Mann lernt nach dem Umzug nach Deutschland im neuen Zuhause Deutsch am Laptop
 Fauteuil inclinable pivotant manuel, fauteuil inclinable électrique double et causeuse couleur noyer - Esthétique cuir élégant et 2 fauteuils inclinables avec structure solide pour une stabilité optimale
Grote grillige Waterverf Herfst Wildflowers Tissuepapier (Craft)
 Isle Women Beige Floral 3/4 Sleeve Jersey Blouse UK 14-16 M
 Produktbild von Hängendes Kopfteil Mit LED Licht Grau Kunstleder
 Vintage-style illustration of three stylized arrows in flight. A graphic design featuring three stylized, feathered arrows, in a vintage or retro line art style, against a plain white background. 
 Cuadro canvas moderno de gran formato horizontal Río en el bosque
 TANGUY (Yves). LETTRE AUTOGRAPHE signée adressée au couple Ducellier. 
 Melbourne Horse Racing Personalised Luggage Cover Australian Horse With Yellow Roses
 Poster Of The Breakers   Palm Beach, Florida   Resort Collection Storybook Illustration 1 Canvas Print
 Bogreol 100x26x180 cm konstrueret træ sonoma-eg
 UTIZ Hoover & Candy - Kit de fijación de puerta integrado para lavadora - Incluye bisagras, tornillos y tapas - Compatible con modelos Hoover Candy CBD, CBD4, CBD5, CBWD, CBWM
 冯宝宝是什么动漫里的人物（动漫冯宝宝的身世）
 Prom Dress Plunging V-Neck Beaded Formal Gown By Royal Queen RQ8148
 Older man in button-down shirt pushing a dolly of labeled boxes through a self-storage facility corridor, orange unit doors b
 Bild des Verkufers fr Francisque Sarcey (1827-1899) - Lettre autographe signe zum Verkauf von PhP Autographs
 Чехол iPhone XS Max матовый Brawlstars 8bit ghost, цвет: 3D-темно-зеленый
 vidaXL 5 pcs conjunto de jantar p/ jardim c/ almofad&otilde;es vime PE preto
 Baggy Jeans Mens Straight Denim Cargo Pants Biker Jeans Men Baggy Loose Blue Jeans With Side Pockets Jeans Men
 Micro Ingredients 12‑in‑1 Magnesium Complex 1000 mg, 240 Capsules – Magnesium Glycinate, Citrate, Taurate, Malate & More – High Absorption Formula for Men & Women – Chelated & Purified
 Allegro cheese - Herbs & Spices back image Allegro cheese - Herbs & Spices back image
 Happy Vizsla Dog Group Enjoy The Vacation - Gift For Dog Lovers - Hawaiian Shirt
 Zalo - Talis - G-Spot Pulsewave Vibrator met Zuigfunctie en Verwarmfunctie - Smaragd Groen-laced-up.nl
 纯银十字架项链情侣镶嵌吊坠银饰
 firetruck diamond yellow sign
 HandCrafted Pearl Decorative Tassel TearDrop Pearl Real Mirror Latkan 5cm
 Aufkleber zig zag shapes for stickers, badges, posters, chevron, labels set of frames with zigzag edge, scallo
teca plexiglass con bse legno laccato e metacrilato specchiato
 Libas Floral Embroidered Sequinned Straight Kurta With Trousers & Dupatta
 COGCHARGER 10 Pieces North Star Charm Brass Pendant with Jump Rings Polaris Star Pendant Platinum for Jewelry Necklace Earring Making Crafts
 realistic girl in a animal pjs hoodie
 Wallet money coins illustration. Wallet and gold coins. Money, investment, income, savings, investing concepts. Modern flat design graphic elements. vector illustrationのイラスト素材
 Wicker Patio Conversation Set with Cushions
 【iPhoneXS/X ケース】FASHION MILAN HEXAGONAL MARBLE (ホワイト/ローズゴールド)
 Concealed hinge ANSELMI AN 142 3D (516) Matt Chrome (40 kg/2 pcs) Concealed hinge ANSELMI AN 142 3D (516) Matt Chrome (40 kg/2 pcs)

◆ **Your goal**:
Among the records above, find the lines where the word "Women" appears and copy them.

◆ **Task answer**:
 Isle Women Beige Floral 3/4 Sleeve Jersey Blouse UK 14-16 M
 Micro Ingredients 12‑in‑1 Magnesium Complex 1000 mg, 240 Capsules – Magnesium Glycinate, Citrate, Taurate, Malate & More – High Absorption Formula for Men & Women – Chelated & Purified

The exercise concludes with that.